What you should do >> Copy exactly the lines of the material below that fall between the line with "Felt Shallot Ornament - felt" and the line with "Colorful Wooden Bridge", both of those lines included; pictures stay out.

Recorded information >>
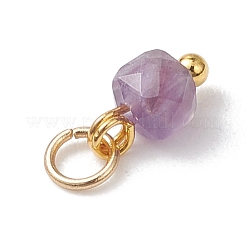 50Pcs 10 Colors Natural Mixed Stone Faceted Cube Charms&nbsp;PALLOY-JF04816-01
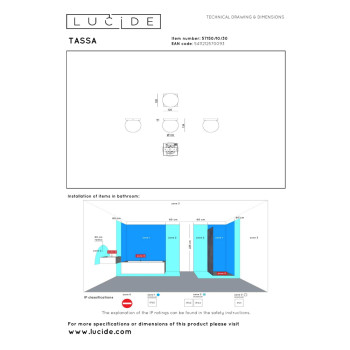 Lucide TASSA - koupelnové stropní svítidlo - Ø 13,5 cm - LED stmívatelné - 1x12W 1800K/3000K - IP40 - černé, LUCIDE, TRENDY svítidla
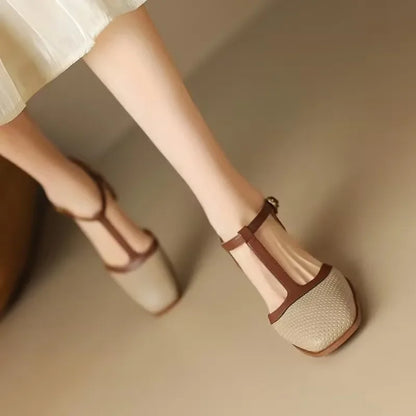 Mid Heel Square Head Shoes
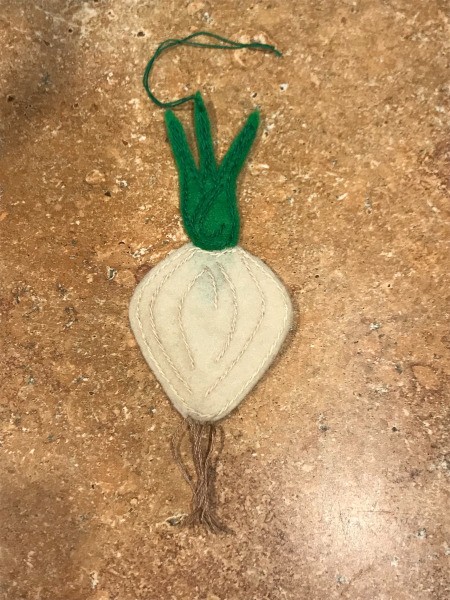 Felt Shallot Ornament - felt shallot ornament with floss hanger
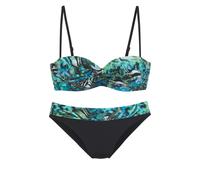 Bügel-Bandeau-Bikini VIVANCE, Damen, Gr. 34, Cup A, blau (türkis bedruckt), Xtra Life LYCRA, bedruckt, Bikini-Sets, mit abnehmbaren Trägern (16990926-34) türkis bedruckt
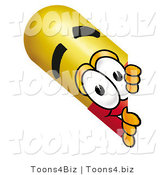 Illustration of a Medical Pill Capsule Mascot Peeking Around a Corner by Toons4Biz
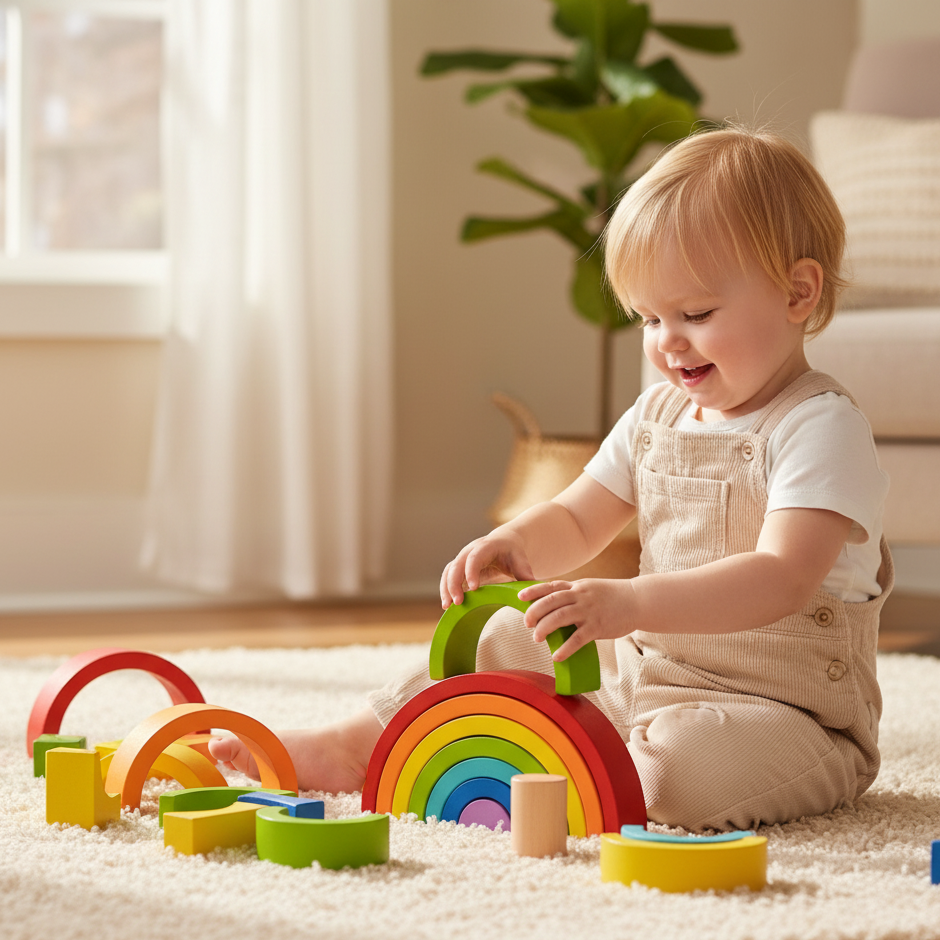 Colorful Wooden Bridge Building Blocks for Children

---

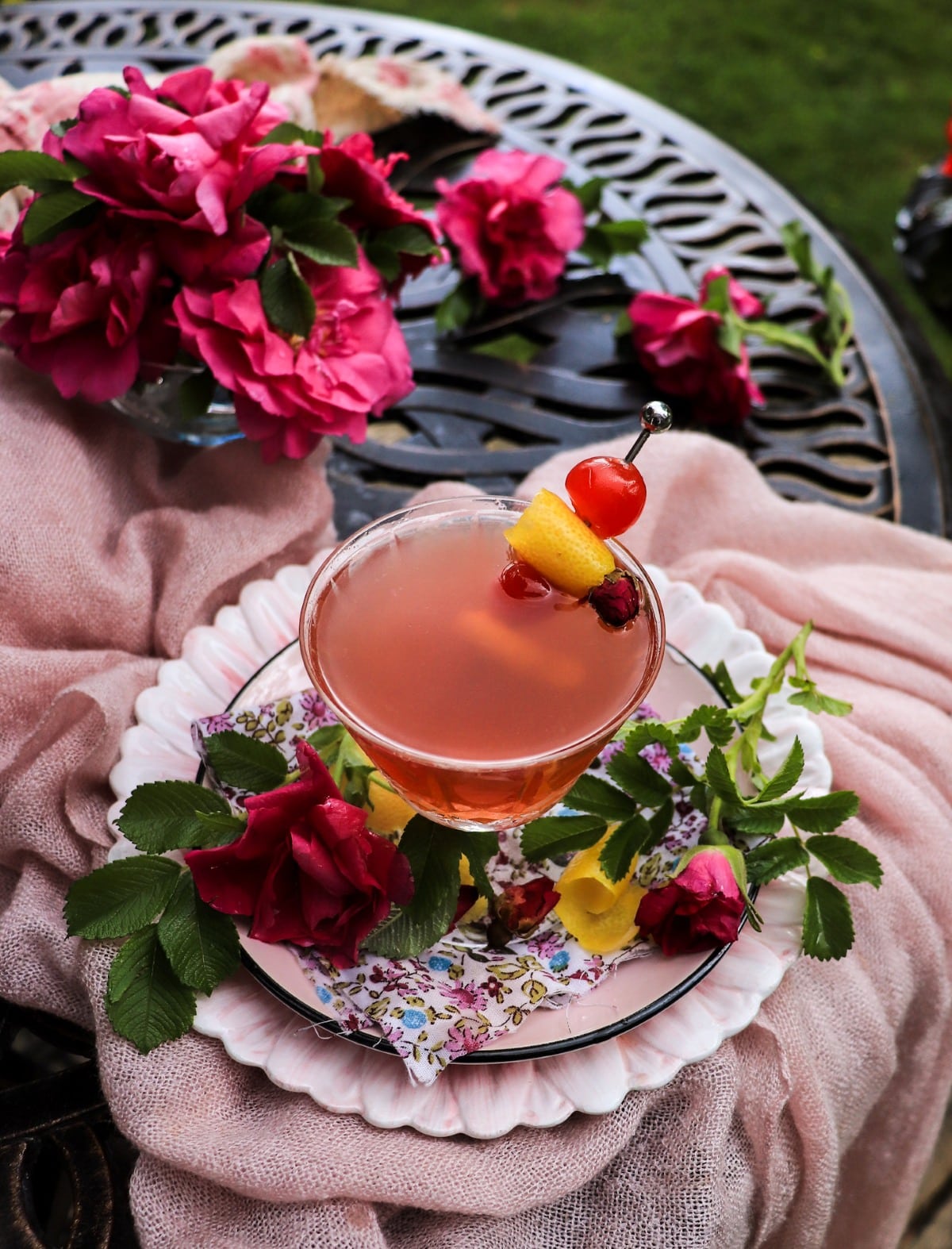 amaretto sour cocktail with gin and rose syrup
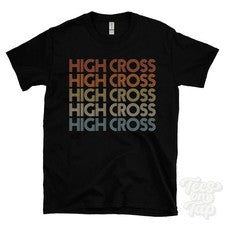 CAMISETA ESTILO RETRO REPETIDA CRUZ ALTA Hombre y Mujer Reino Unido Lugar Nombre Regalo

* * *

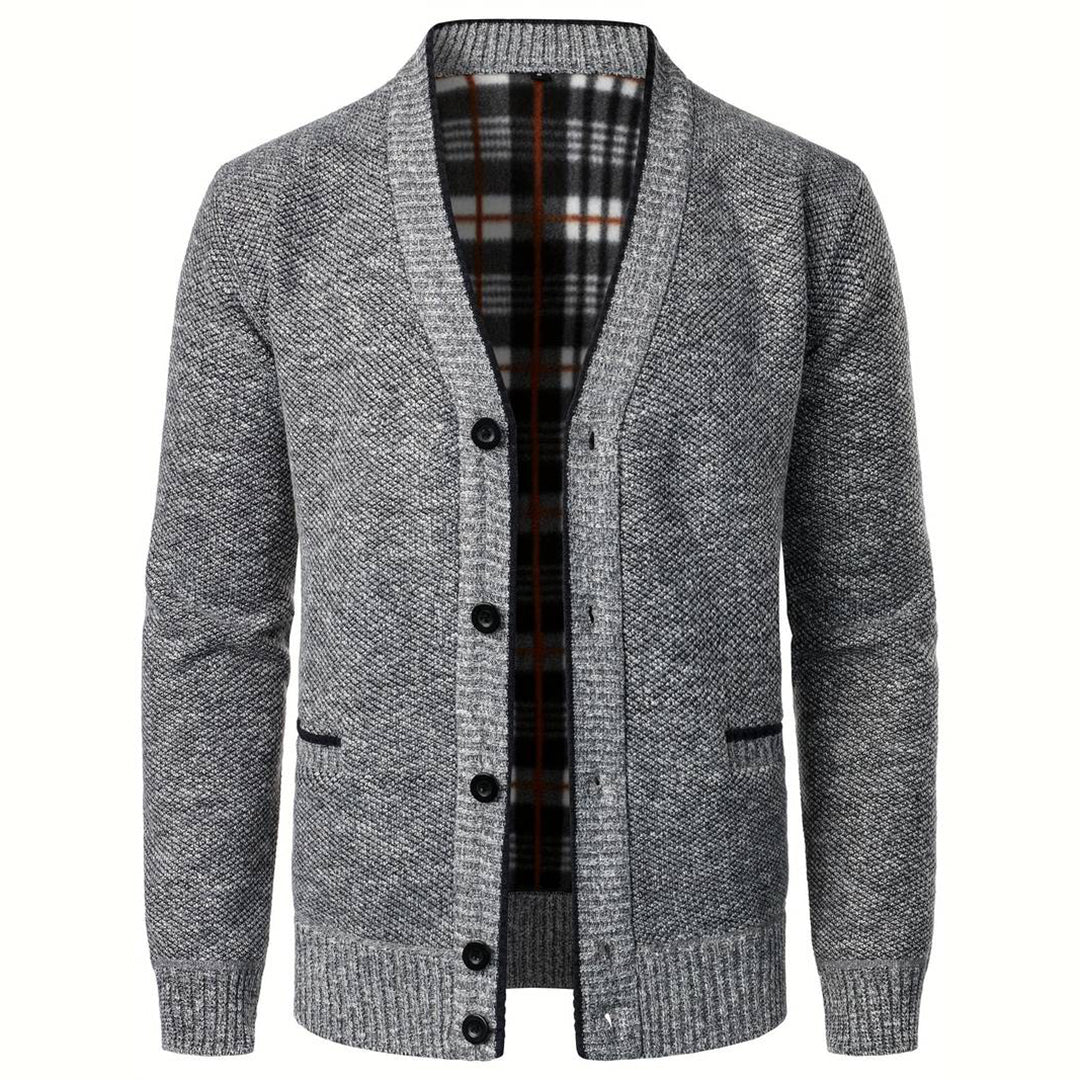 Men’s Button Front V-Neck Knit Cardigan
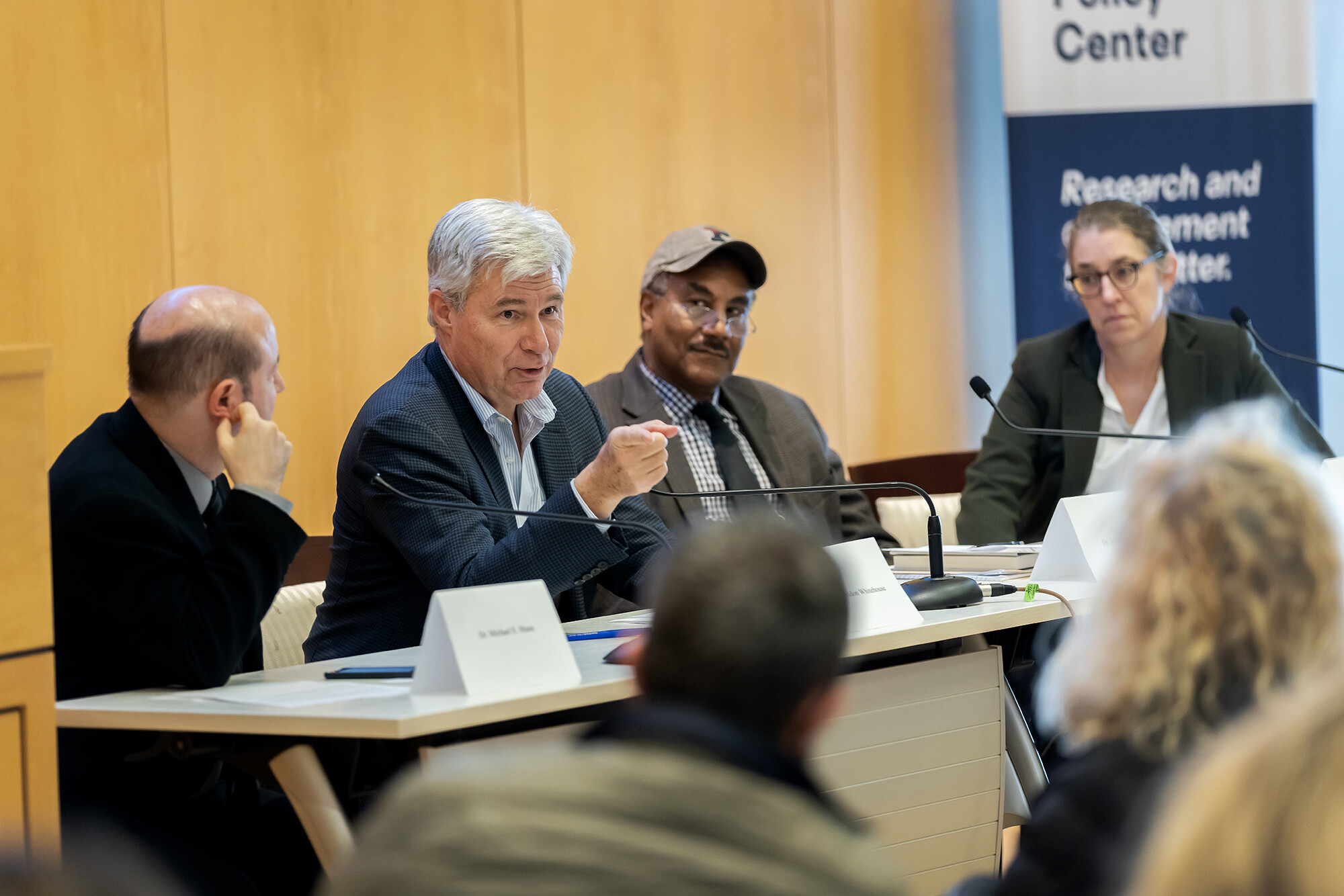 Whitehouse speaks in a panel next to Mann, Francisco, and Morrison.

Reply >>
 Felt Shallot Ornament - felt shallot ornament with floss hanger
 Bügel-Bandeau-Bikini VIVANCE, Damen, Gr. 34, Cup A, blau (türkis bedruckt), Xtra Life LYCRA, bedruckt, Bikini-Sets, mit abnehmbaren Trägern (16990926-34) türkis bedruckt
 Illustration of a Medical Pill Capsule Mascot Peeking Around a Corner by Toons4Biz
 Colorful Wooden Bridge Building Blocks for Children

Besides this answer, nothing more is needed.